RESEARCH
Records of the past are a pervasive feature of our world that are used in many areas of both physics and philosophy, but out best account of records is overidealised and leaves many questions unanswered. I will present a new account of records in terms of robustness against noise. This account highlights previously overlooked features of records: their use of redundancy and their reliance on techniques common in the physics of macroscopic phenomena, such as coarse-graining. These features have implications for how we explain the record asymmetry through statistical mechanics as well as for related debates such as that surrounding Maxwell's demon.
Quantum darwinism explains the emergence of classicality using records formed in the environment which allow multiple observers to verify the state of a system. However exactly what it aims to derive is unclear and it's use of observers is overemphasised, this has lead to a number of criticisms. I will show that focusing on what a record is in a general sense helps set a standard for classicality that quantum darwinism can aim for and that this need not involve any actual observers. This standard can also be used to show how emergence in quantum darwinism relates to philosophical accounts of emergence which focus on dynamical laws. Currently quantum darwinism's information theoretic framing make it difficult to apply these accounts of emergence.
Perspectives on the Quantum State (draft available on request)
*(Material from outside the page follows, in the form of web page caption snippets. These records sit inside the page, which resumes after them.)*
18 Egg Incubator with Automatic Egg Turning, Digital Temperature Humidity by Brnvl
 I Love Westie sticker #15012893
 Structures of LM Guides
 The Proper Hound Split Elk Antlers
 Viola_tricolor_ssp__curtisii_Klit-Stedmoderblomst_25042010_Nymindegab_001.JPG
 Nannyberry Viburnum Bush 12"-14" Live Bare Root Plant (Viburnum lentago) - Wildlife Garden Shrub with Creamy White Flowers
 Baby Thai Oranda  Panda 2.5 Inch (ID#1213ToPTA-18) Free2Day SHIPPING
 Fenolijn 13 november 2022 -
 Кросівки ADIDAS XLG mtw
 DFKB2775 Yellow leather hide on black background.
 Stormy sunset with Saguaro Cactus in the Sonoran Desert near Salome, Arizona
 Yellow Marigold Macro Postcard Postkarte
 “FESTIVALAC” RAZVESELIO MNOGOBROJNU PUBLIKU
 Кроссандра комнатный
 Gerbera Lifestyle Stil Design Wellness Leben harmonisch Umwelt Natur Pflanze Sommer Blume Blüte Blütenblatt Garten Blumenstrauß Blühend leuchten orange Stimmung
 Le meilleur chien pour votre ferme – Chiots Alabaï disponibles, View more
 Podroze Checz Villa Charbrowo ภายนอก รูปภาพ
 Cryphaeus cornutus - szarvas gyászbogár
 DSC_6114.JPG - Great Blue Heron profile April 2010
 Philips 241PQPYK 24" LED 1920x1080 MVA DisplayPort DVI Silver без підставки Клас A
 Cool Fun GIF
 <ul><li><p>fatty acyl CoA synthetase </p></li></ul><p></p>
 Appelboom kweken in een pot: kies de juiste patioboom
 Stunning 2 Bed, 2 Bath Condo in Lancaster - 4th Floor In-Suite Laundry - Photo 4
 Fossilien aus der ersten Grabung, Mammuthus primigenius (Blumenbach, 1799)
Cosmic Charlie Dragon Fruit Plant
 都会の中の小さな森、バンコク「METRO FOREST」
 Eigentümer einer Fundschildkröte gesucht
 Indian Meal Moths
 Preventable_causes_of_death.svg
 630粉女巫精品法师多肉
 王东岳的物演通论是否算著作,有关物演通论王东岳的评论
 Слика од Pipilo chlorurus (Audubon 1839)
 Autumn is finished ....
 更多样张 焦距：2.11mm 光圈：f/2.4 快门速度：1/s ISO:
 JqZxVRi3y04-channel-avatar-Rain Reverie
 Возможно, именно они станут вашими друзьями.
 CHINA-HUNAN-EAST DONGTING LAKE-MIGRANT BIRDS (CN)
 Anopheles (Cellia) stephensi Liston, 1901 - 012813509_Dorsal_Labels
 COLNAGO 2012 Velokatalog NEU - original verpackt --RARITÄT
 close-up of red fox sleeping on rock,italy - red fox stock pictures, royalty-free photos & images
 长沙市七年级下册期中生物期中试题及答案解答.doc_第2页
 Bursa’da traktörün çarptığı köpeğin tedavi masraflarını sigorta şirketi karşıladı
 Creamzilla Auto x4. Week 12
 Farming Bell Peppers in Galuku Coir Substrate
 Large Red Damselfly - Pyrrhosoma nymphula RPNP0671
There are two main types of approach to interpreting the quantum state; either focusing on the fundamentality of the quantum state - a wavefunction or state realist view - or on how projection operators represent properties - an observable-first approach. Rather than being incompatible, I argue that these correspond to taking a 3rd person and 1st person perspective respectively. I also argue that the 1st person perspective, along with metaphysical indeterminacy (which is a integral part of how the 1st person, observable-first approach attributes properties to quantum systems), is ineliminable for the way that the metrology literature, as well as the work of Bohr, characterises measurement through the properties of a system. Finally, I show how the 1st person, observable-first approach can emerge in the world through the process of decoherence, hence showing the compatibility of the two approaches.
Temporal Perspectives, Probabilities, and Openness (draft available on request)
One way to interpret the difference between presentism and eternalism is perspectively. This suggestion, from Savitt (2006), argues that from a perspective outside of time the world is eternalist, and from a perspective embedded within time the world is presentist. In this paper, I develop what it means to be in an embedded, presentist perspective and connect this to the hypothesis that the future is metaphysically open. Openness comes down to failures of predictability. I then connect this to practical limits on prediction that come from being in an embedded presentist perspective, such as the lightcone structure of spacetime and being embedded at emergent levels of reality. Understood in this way, the presentist perspective offers a powerful way to explain the explanatory success of theories such as statistical mechanics which often use local, semi-isolated subsystems as well as emergent probabilities. It also provides a new way of thinking about the accusations that thermodynamics, and its statistical underpinnings, is subjective or epistemic.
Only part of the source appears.